Weather (symbol and motif)
O'Hara devotes a considerable portion of the poem to a description of the weather. A common symbol and motif throughout literature, the weather corresponds to a work's tone, mood, and atmosphere. In this case, the speaker's oscillation between rain, snow, and hail parallels Turner's collapse, while his insistence upon the fact that "it was really snowing and raining" over the unnamed you's claim that it was hailing speaks to the second-hand news he reads on the tabloid cover. The speaker's emphatic description also contributes to the poem's campiness and sensationalism.
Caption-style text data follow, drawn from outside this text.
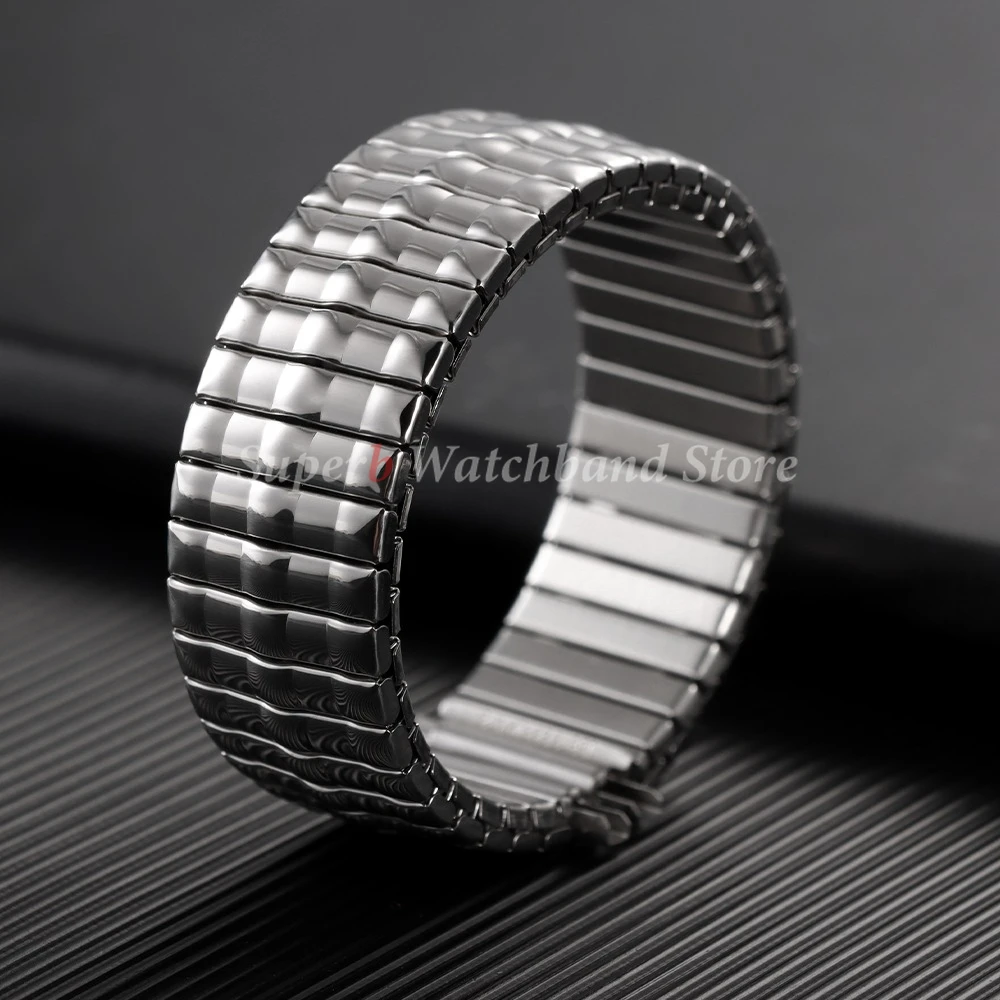 16-23 مللي متر جديد الفولاذ المقاوم للصدأ حزام (استيك) ساعة حزام تمتد التوسع المعادن مطاطا حزام اكسسوارات الرجال النساء أساور الفضة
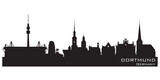 Fototapeta Miasta - Dortmund Germany  city skyline vector silhouette
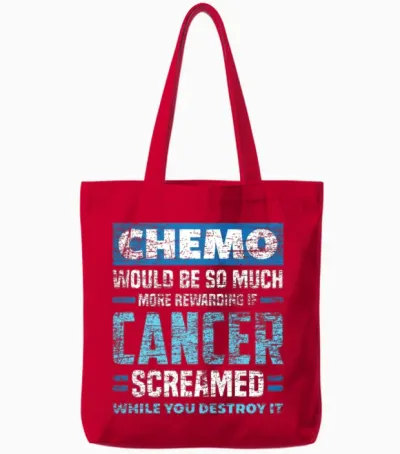 Chemo Cancer Tote Bags - Red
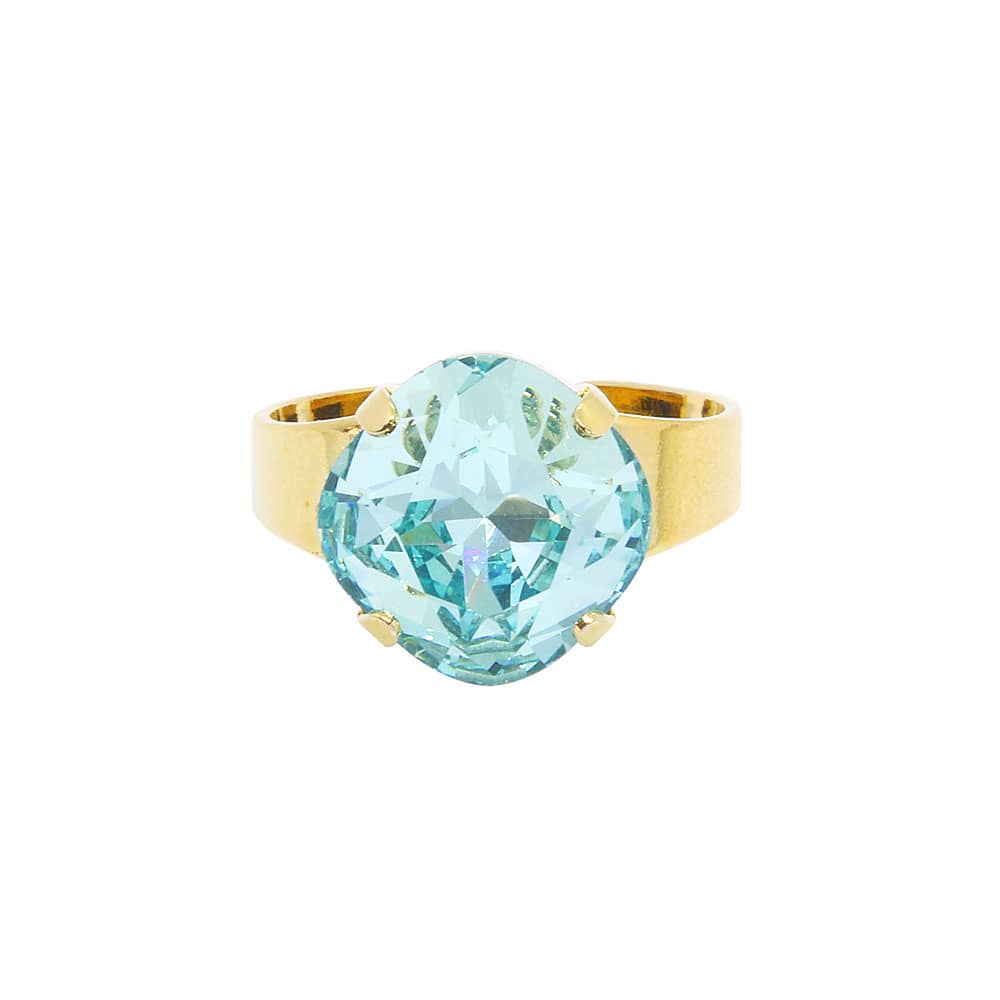 March aquamarine Zodiac birthstone crystal ring with gold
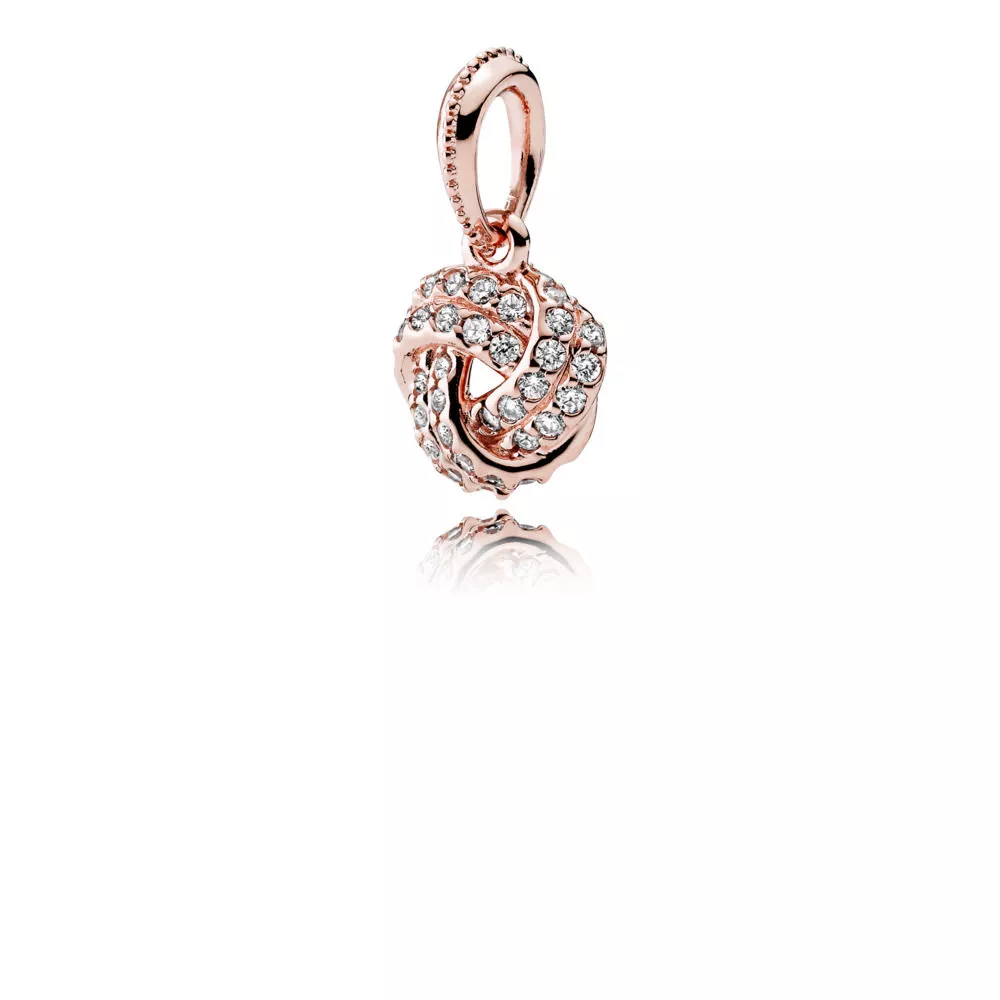 pandora rose přívěsek třpytivý uzlíček lásky 380385cz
Hollywood and California (symbols)
Hollywood and California symbolize the drama, mystique, and glamour of the West Coast. The speaker lives in world where it rains and snows and hails, while a person in California lives in eternal sunshine. We know that these images aren't true, but tabloids feed upon this image for sensational news and sales. In this poem, Hollywood and California are both places and ideas: we understand them literally, while we also have a specific image in our minds of what they mean, and the elements of popular culture to which they correspond.
The newspaper headline (symbol)
Tabloids and headlines reoccur throughout O'Hara's work. In this case, the speaker repeats a headline in the first line, then later describes the precise moment when he glimpsed the headline. The repetition speaks to the abundance of tabloid news and celebrity gossip ever-present in New York City. The headline symbolizes sensation, popular culture, and the consumption of popular news. The headline is an authority that few take would seriously, but it is a source of news that many would nonetheless enjoy and consume for its entertainment value.